RECORDS PROVIDED:
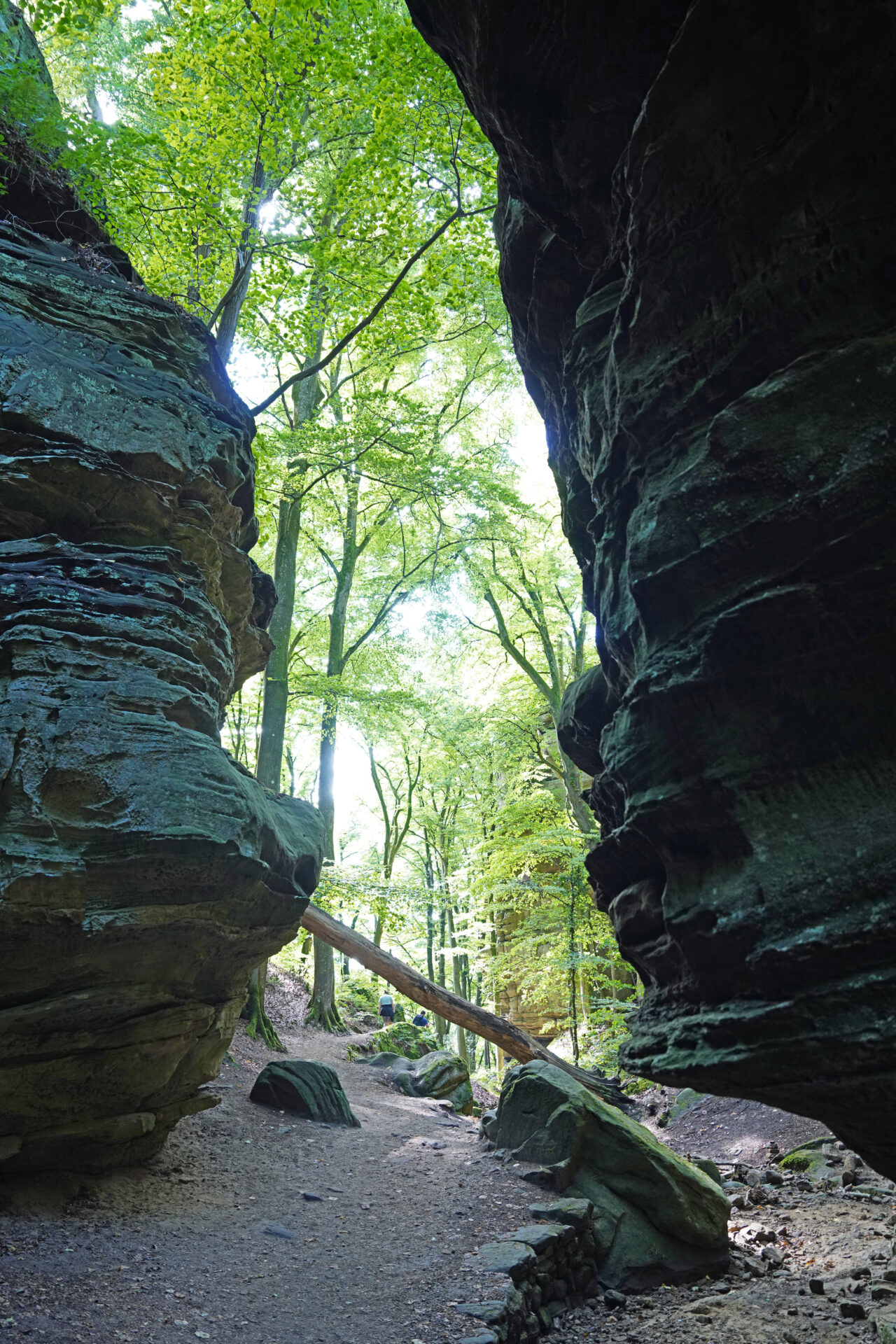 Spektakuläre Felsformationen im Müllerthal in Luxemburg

--

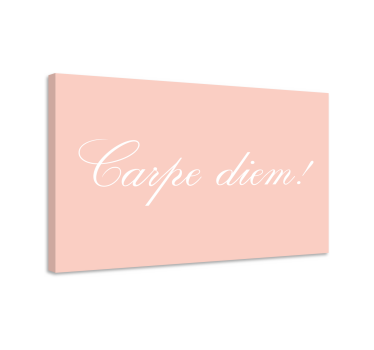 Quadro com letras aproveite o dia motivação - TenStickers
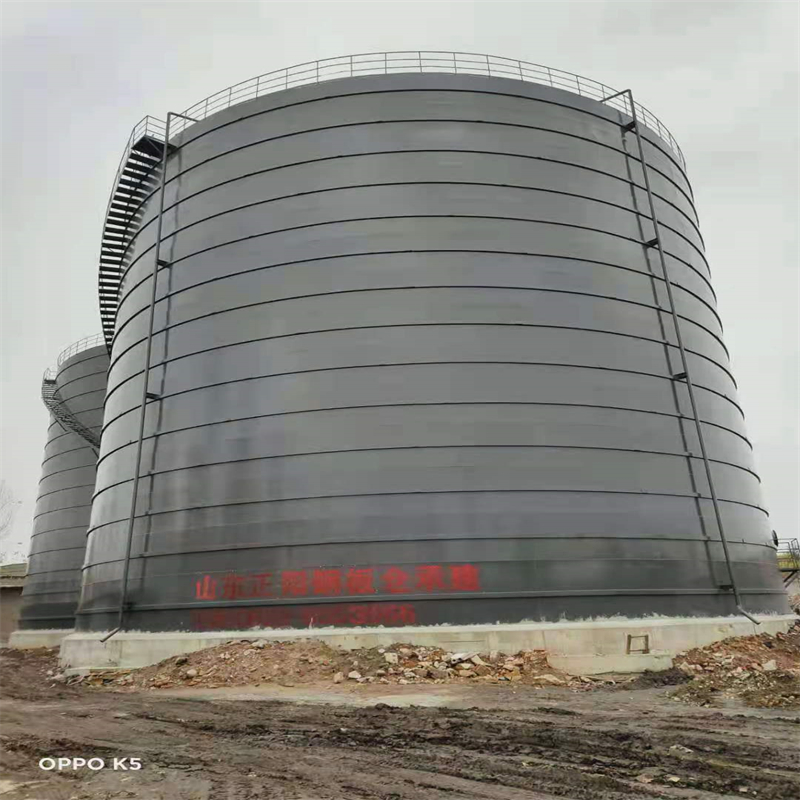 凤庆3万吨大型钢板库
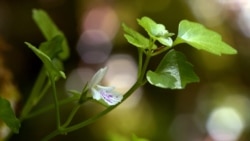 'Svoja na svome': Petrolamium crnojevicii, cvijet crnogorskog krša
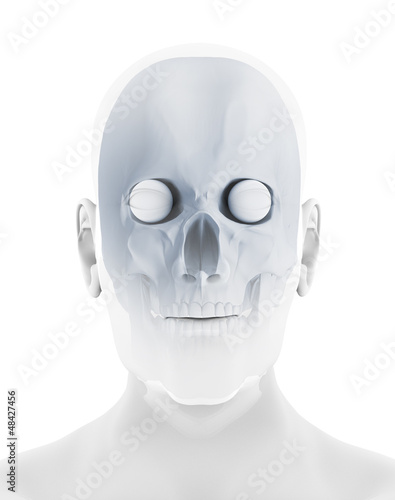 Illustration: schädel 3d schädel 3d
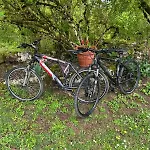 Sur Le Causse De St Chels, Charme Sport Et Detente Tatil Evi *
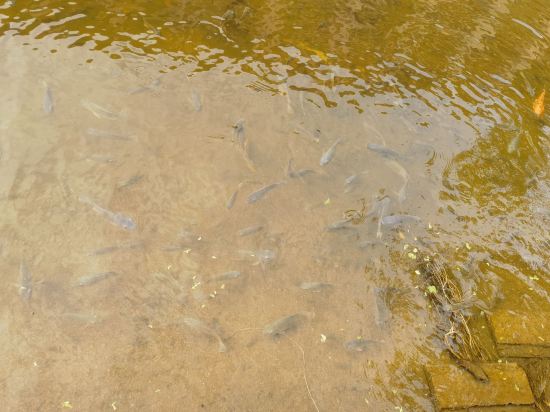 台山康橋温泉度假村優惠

==

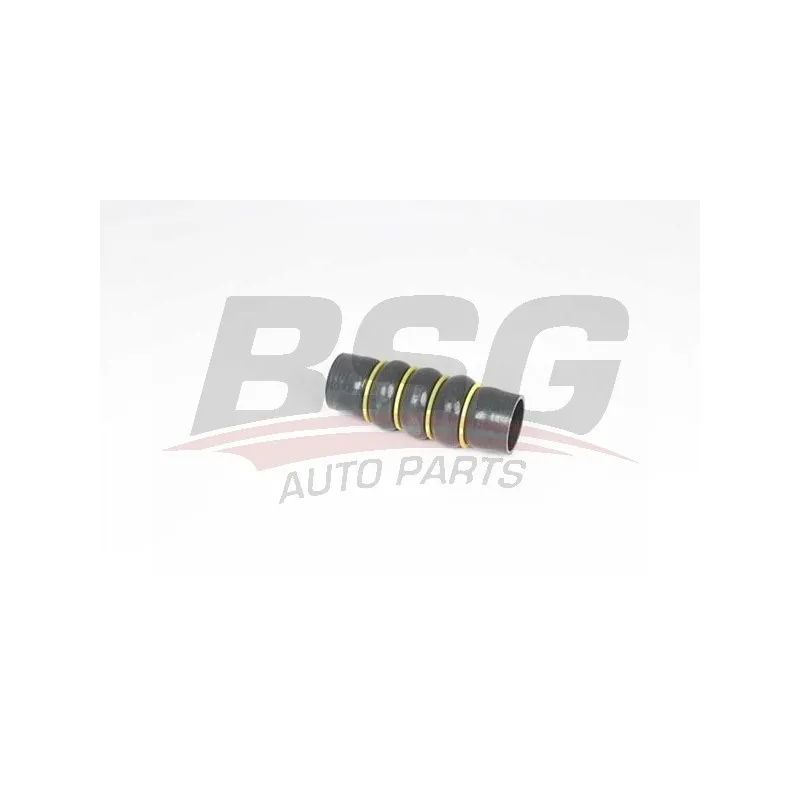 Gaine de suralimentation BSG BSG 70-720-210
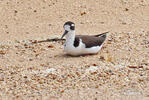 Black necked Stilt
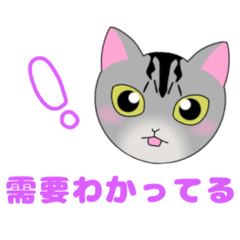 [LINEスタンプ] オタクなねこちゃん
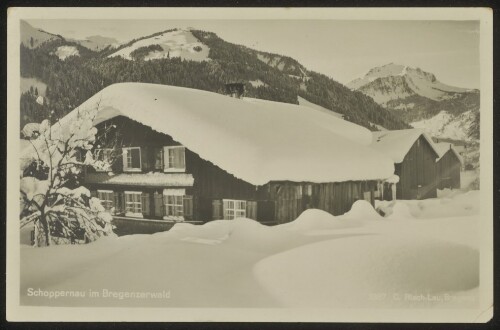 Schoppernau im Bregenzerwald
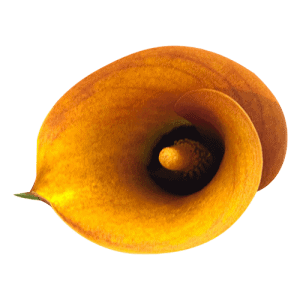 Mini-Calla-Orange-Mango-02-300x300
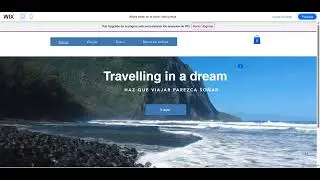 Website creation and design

WHAT YOU ARE ASKED TO DO: Using the records above, print exactly the run of lines that starts with the line with "[LINEスタンプ] オタクなねこちゃん" and goes on through the line with "Website creation and design", pictures excluded.

EXERCISE RESPONSE:
 [LINEスタンプ] オタクなねこちゃん
 Schoppernau im Bregenzerwald
 Mini-Calla-Orange-Mango-02-300x300
 Website creation and design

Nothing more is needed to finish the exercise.